Dieser Ausländer hatte bereits eine Zeit lang in China gelebt. Obwohl sein Chinesisch recht holprig war, verstand er etwa 80-90% von dem, was andere sagten, wenn sie Chinesisch sprachen.

Daher konnte er auch ohne Yu Xiaorus Übersetzung der Worte des Kellners erkennen, dass der Teller mit Teigtaschen von Zhou Ziwei für sie bestellt worden war.

Obwohl er die versteckte Bedeutung von Zhou Ziweis Grüßen an die Frauen in seiner Familie nicht entschlüsselt hatte, wusste er an Yu Xiaorus verschmitztem Lächeln, dass er wahrscheinlich von diesem kränklichen Schönling hereingelegt worden war.

Er war ohnehin schon genervt, und als er sah, wie Yu Xiaoru vergnügt die Teigtaschen aß, die der hübsche Junge für sie bestellt hatte, wurde er noch wütender.

Wilsons anfängliche Bitte, Yu Xiaoru solle ihn auf der Inspektionsreise begleiten, entsprang ganz offensichtlich nicht guten Absichten. Er glaubte, als ausländischer Investor könne er eine einfache Übersetzerin in China, einem Entwicklungsland, leicht ausnutzen. Tatsächlich hatte er Ähnliches schon mehrfach getan und war dabei nie in Schwierigkeiten geraten.

Doch zu jedermanns Überraschung weigerte sich Yu Xiaoru, ihm zuzuhören. In den letzten Tagen hatte sie ihn zwar auf einigen Geschäftsreisen begleitet, aber keine seiner zusätzlichen Bitten erfüllt, sodass Wilson keine Möglichkeit hatte, etwas zu unternehmen. Das machte ihn natürlich wütend, und er hatte seinen Ärger lange unterdrückt. Nun nutzte er endlich Zhou Ziweis Teller mit Teigtaschen, um seiner Frustration Luft zu machen!

Band 1 Die Wiedergeburt eines Wunderkindes Kapitel 97 Dessous-Show

"Klatschen-"

Obwohl Zhou Ziwei Yu Xiaoru den Rücken zugewandt hatte, hatte er das Geschehen aufmerksam verfolgt.
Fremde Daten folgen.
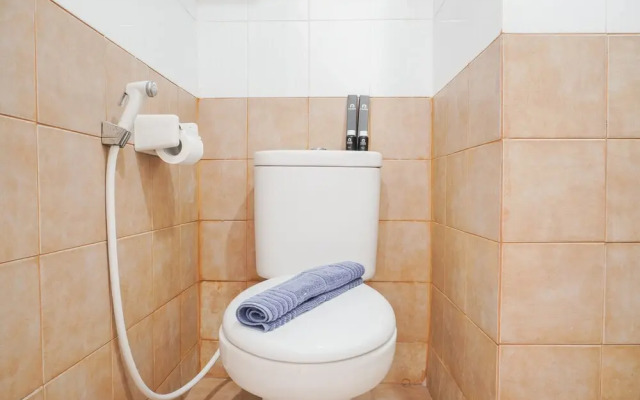 Vibrant 2Br With Sofa Bed Apartment At Green Pramuka City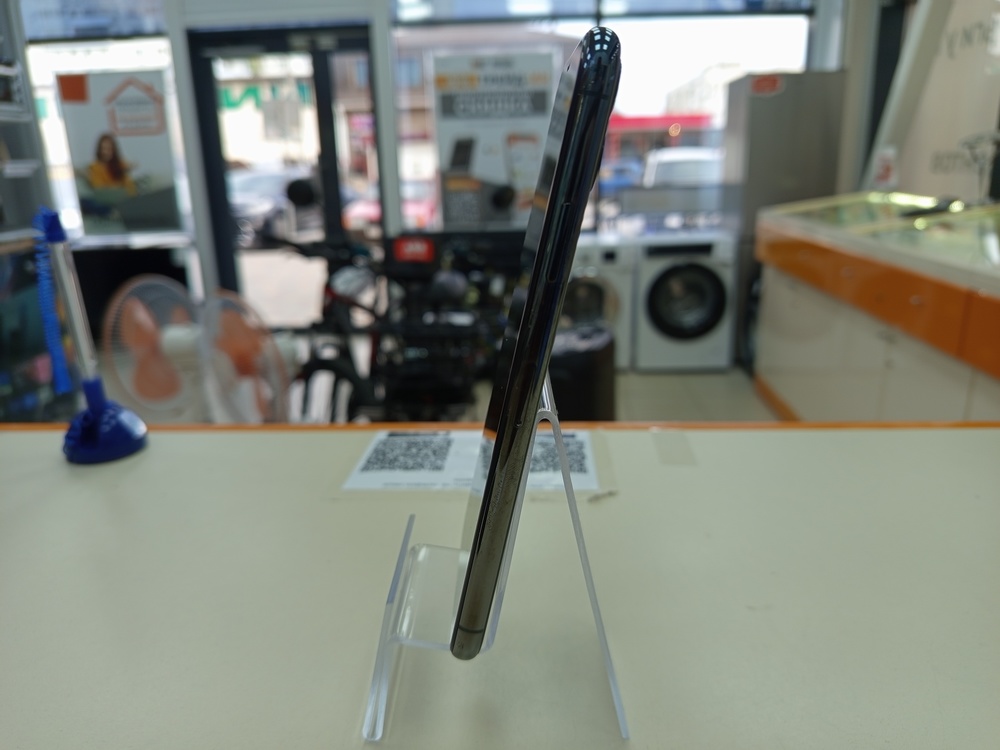 Смартфон Apple iPhone 11 Pro Max 64Gb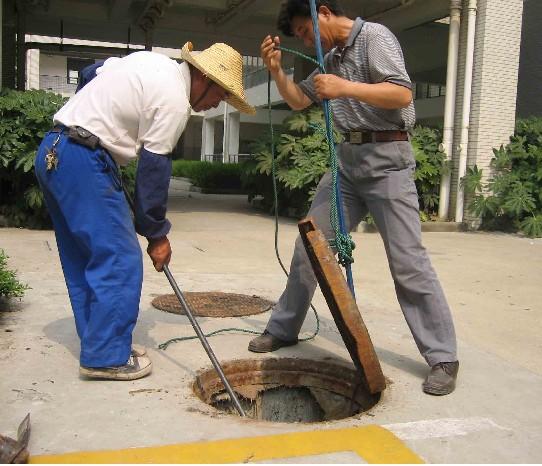 供应徐州市专业管道疏通马桶维修下水道更换蹲坑；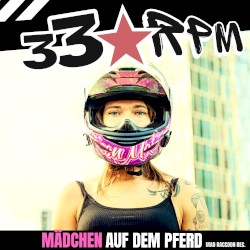 Mädchen auf dem Pferd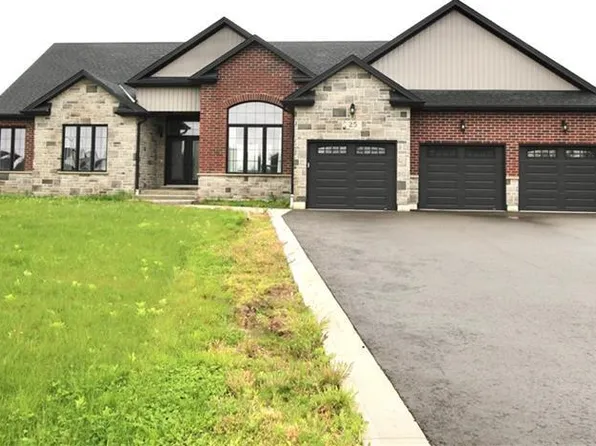 25 Bowen Pl, Brant, ON N0E 1R0
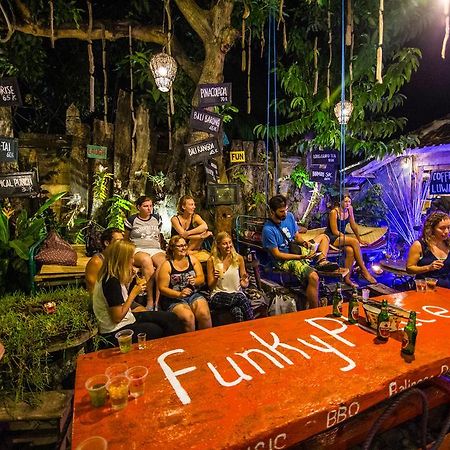 Funky Place Lovina  Exterior photo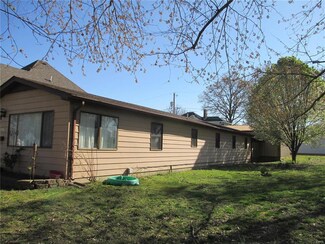 307 S Grace St, Marissa, IL 62257
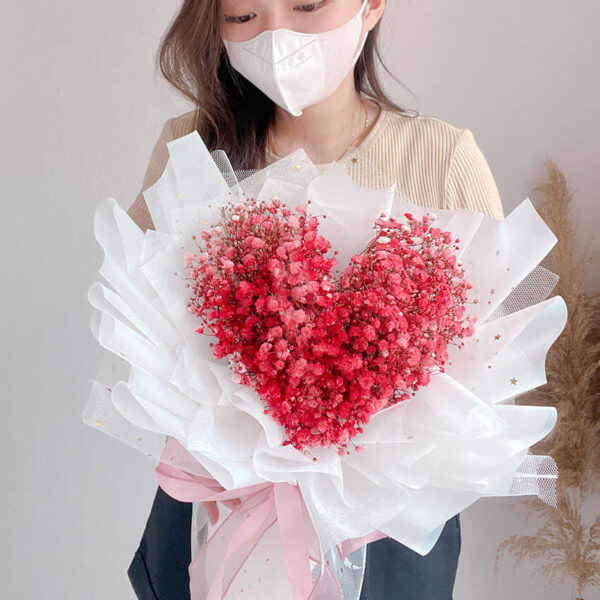 bó hoa baby trái tim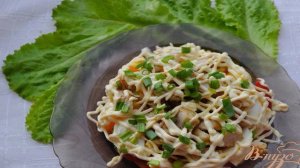 Салат с курицей и помидорами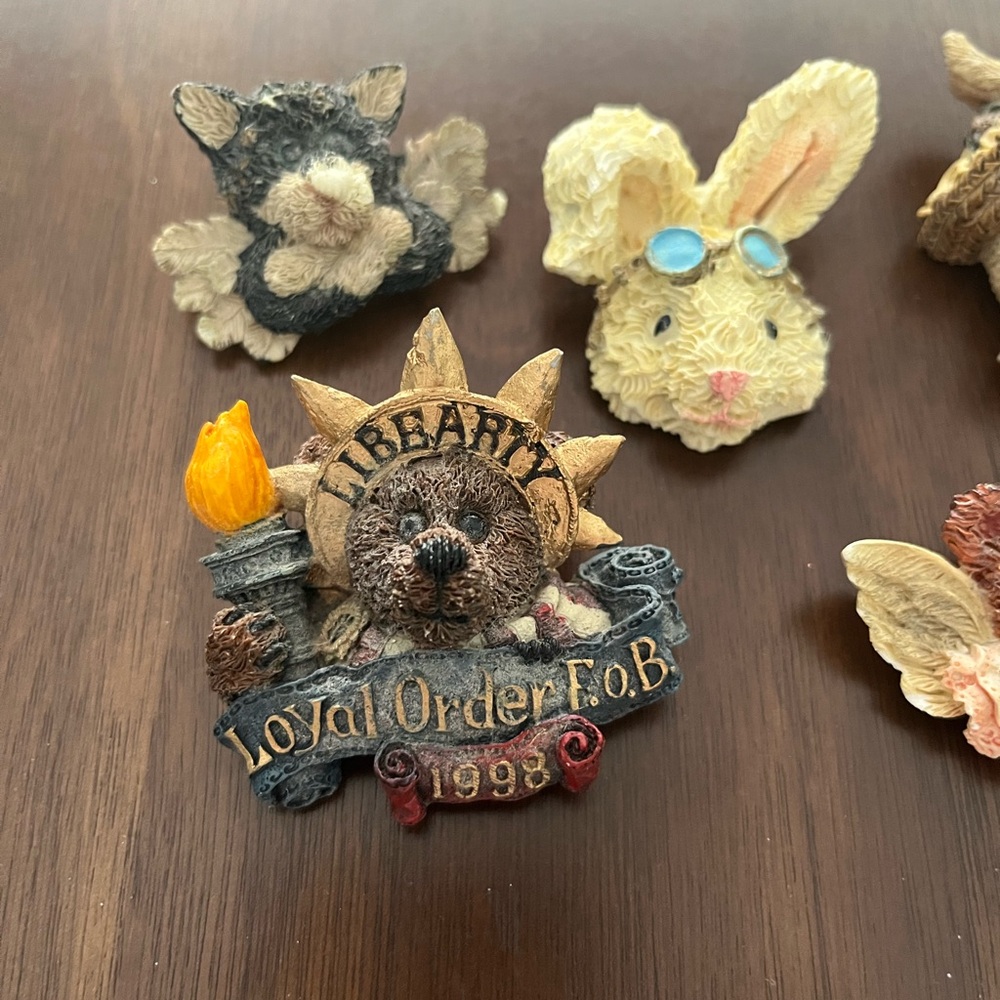 Assorted Pins - Picture 2 of 5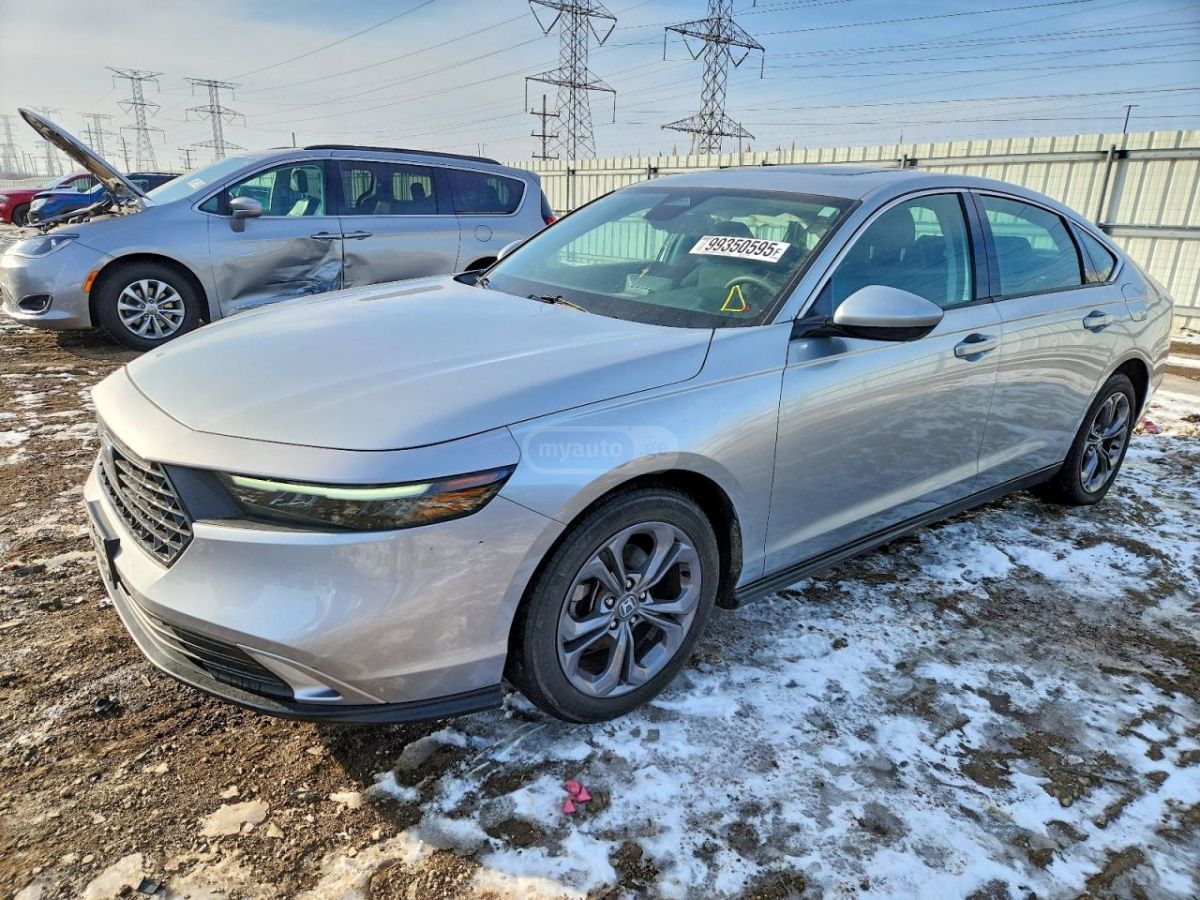 Honda Accord - фото 1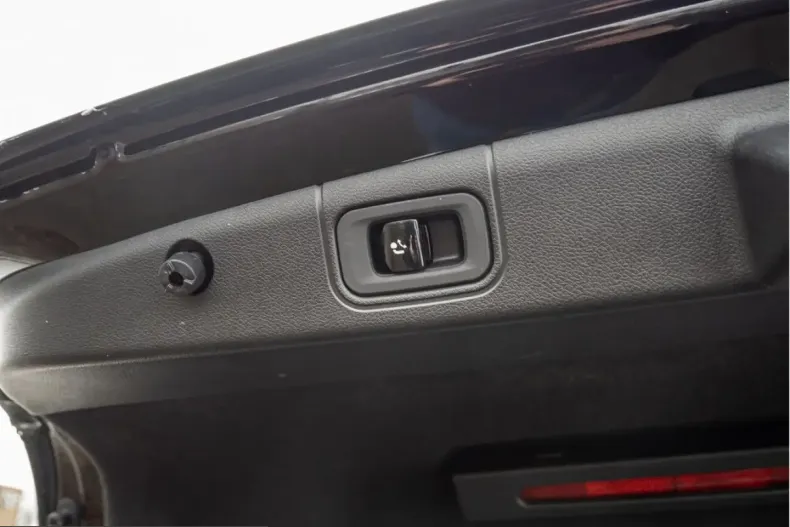 Mercedes-Benz E 200 (Clasa E) din 2024 cu 14.944 km - oferta MER200251 - foto 20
Als er nun Wilsons schamlosen Unsinn hörte, war er so wütend, dass er kreidebleich wurde. Er knallte Messer und Gabel auf den Tisch und wollte aufspringen, um diesem ausländischen Teufel eine Lektion zu erteilen.

Er war jedoch kein Kind mehr und wusste, dass impulsives Handeln zwar kurzfristig Vergnügen bereiten konnte, er aber auch die Konsequenzen tragen musste.

Dieser Ausländer ist schließlich ein ausländischer Investor. Würde Zhou Ziwei wütend werden und ihm hier eine Lektion erteilen wollen, würde er wahrscheinlich in weniger als fünf Minuten im Gefängnis landen.

So frustrierend ist die Situation; schließlich handelt es sich um ausländische Investoren! Lokale Regierungen sind in der Regel sehr zurückhaltend, wenn es darum geht, ausländische Investitionen anzuziehen und die lokale Wirtschaft zu entwickeln, und normalerweise gelingt es ihnen nicht einmal, Investoren wie Wilson zu gewinnen. Wenn ihnen also auf ihrem Land Schaden zugefügt wurde, werden sie das natürlich nicht einfach hinnehmen.